When players turn to shoot in games, much of this turn is due to the deceleration. If you watch many shooters, they turn more on jump shots than free throws? Why? If it was because of elbow alignment or whatever the various systems teach, why would their turn differ? Shouldn't they align their elbow on free throws too? I believe that players turn more due to deceleration; the better players actually turn more, as their impulse is less when decelerating prior to initiating their shots because they have better strength and body control. A young player who lacks strength, such as these girls, cannot possibly shoot with the quickness of a player such as Steph Curry because they cannot control that amount of speed and force (if they could generate it). 
Finally, the coaches and trainers praising this coach on Twitter are ignorant or irresponsible.
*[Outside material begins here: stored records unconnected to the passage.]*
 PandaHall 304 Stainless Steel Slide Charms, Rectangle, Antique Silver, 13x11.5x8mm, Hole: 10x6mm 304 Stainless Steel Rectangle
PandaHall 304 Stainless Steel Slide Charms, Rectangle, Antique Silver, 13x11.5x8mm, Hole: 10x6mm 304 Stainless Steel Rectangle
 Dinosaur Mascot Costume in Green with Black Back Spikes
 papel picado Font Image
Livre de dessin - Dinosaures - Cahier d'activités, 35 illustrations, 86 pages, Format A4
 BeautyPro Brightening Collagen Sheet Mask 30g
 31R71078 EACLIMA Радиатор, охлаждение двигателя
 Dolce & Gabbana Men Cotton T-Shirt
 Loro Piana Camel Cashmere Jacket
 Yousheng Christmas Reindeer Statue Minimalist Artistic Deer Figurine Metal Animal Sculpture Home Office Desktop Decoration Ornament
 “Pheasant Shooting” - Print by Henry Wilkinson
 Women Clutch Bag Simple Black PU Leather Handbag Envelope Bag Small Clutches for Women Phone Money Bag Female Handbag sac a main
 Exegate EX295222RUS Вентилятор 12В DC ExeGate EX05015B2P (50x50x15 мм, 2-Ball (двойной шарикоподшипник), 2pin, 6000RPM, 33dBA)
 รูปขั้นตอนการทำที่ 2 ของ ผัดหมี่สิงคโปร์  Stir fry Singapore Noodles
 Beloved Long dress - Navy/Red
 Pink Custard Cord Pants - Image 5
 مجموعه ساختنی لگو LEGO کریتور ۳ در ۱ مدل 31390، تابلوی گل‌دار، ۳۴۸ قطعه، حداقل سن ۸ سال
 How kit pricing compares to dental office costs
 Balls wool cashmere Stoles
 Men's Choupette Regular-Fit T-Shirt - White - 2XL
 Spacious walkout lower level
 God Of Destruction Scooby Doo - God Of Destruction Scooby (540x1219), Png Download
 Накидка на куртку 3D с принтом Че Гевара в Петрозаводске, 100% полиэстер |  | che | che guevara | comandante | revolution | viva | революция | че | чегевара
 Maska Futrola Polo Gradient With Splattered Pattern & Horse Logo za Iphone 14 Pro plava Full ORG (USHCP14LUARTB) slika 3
If they do not understand that this is useless and potentially dangerous training for these girls, they are ignorant. If they understand that it is potentially dangerous, and praise the coach anyway because he is following their "shooting system", they are irresponsible. One of the major problems in coaching, training, and sports today is the Instagram culture; training is based on getting likes on Instagram. We are not training the client in front of us as much as we are promoting ourselves or our business to the masses. Every drill is an advertisement, not a carefully designed activity to solve a problem for the player or players. In this self-marketing world, boring drills do not grab attention. We have to make the boring drills look hard; rather than having these girls do a basic form shooting drill, which would be more appropriate, although probably beyond their level because of the basket height, we have them jump over a hurdle in order to post on Instagram. Parents, players, and coaches need to be more discerning when they look at these videos and realize the complete uselessness of many of these drills, and, in this and similar cases, the irresponsibility of the drill.